Karim Tabbou, porte-parole de l’Union démocratique et social (UDS), en cours de constitution, a démenti les déclarations du général à la retraite, Khaled Nezzar, dans lesquelles il nie avoir proposé au feu Hocine Aït Ahmed le poste de président du Haut Comité d’Etat (HCE).
Karim Tabbou affirme détenir des informations précises sur le sujet à travers ses entrevues avec Aït Ahmed et ses déclarations affirmant avoir reçu une proposition d’être à la tête du HCE qu’il a bien entendu refusée.
En outre, Tabbou a vivement critiqué Nezzar à qui il reproche de ne pas avoir évoqué le sujet du vivant d’Aït Ahmed.
Invité du forum du journal « El Chabab El Jadid », le porte-parole d’UDS estime que les déclarations de certains généraux s’inscrivaient dans le contexte d’une recherche continue d’équilibre au sein du pouvoir.
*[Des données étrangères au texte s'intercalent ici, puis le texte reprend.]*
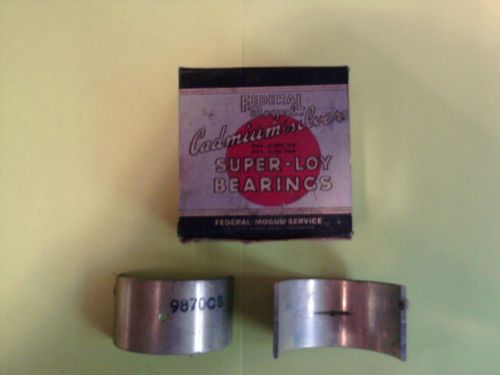 Federal-mogul antique rod bearings ~ 9870 cs standard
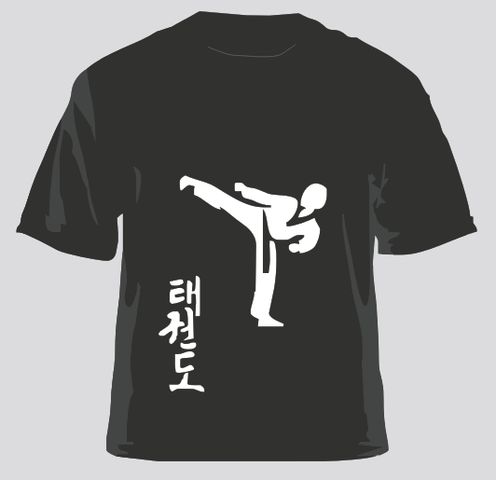 Playera Taekwondo y escrito taekwondo wn kanji. $180.00. Playera en cualquier color y tallas de hombre, Mujer y niño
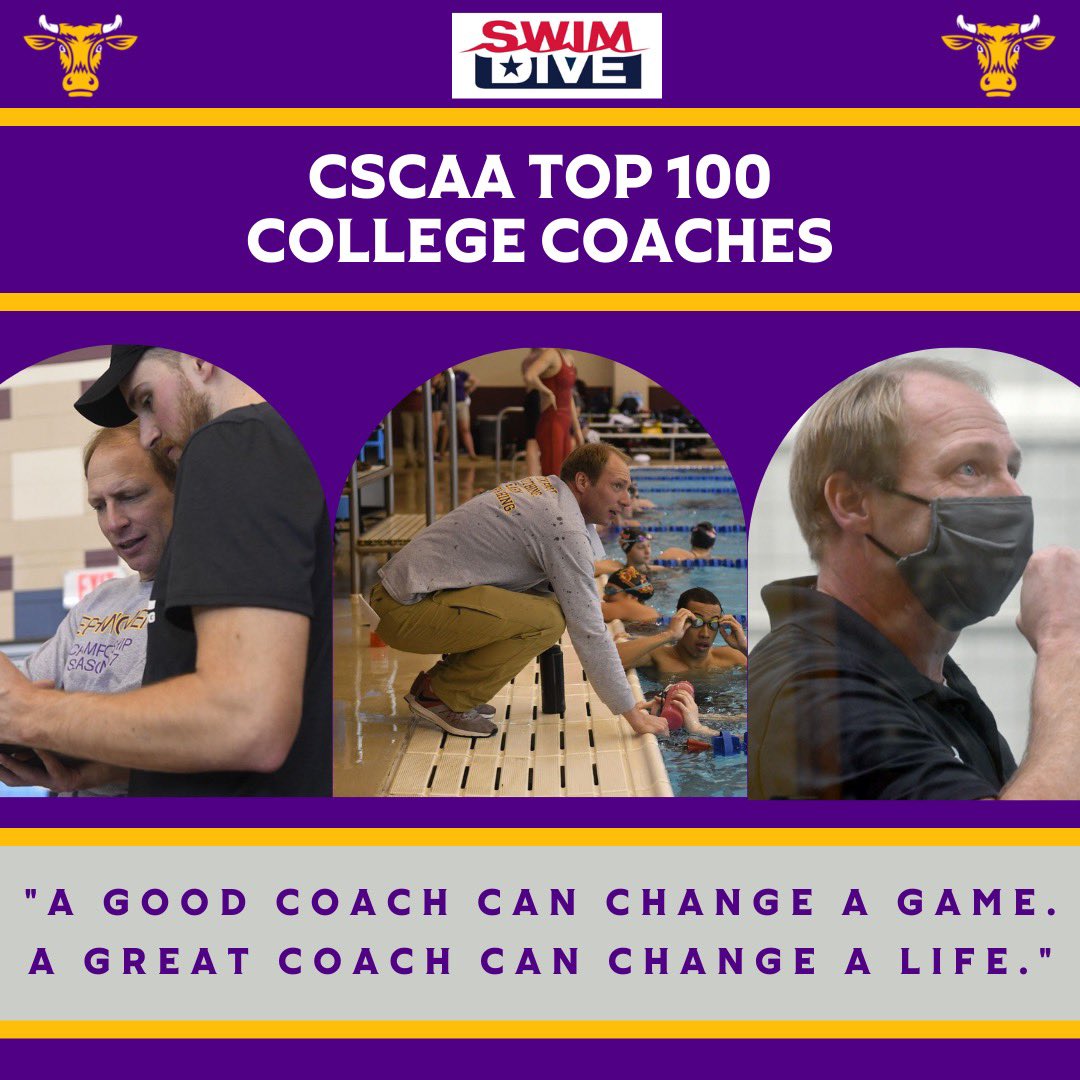 CoachMacQuarrie's tweet photo. CSCAA Top 100 Greatest College Coaches and we have TWO on the list.

Congratulations Coach Kuster and Coach Sam! 🐮🏊🏼‍♀️🏊🏼‍♂️

#EphPride #CSCAA100 https://t.co/y8fuFIUiIN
Selon lui, ces derniers sont impliqués dans la catastrophe qui a secoué le pays durant les années 1990 dont les retombées sur le plan politique et social persistent encore.
Pour ce qui est du démenti de Zeroual, l’ancien premier secrétaire du FFS a tenu à lui répliquer: s’il avait eu le courage, il l’aurait soulevé du vivant d’Aït Ahmed en s’interrogeant également: pourquoi a-t-il attendu six ans pour répondre aux propos tenus par feu Aït Ahmed?
Tabbou a ajouté avoir été présent lors d’une rencontre entre Nezzar et Aït Ahmed, lors du procès de Souaïdia, dont le premier a dit au Zaïm du FFS: « Nous sommes tous deux des Algériens… ». Aït Ahmed lui répliqua: « Ce qui nous sépare, c’est un fleuve de sang ».
Pour lui, c’est honteux qu’un caporal de l’armée française (1955) vienne 50 ans plus tard proposer le poste de Président au chef de l’Organisation secrète (OS) dans les années 1940 et à un des déclencheurs de la Révolution.
Sur la révision constitutionnelle, Tabbou estime qu’elle ne répond pas aux aspirations du peuple. Pour lui, c’est une manœuvre pour gagner du temps et de maintenir au pouvoir.
Par ailleurs, il a critiqué le fait de charger Ahmed Ouyahia de dévoiler le contenu de l’avant-projet de révision constitutionnelle, lui qui est, selon lui, impliqué dans la violence, la fraude et le mensonge.
S’agissant de l’officialisation de la langue amazighe, il relève deux facteurs positifs: c’est que Bouteflika revient sur ses propos tenus à Tizi Ouzou selon lesquelles il serait impossible de constitutionnaliser la langue Amazighe en tant que langue nationale d’une part, et que ce dernier entend se réconcilier avec lui-même d’une autre.
A ce propos, Tabbou réclame des garanties juridique car, d’après lui, Tamazight a toujours été utilisée par le pouvoir comme étant une carte politique pour gérer la crise.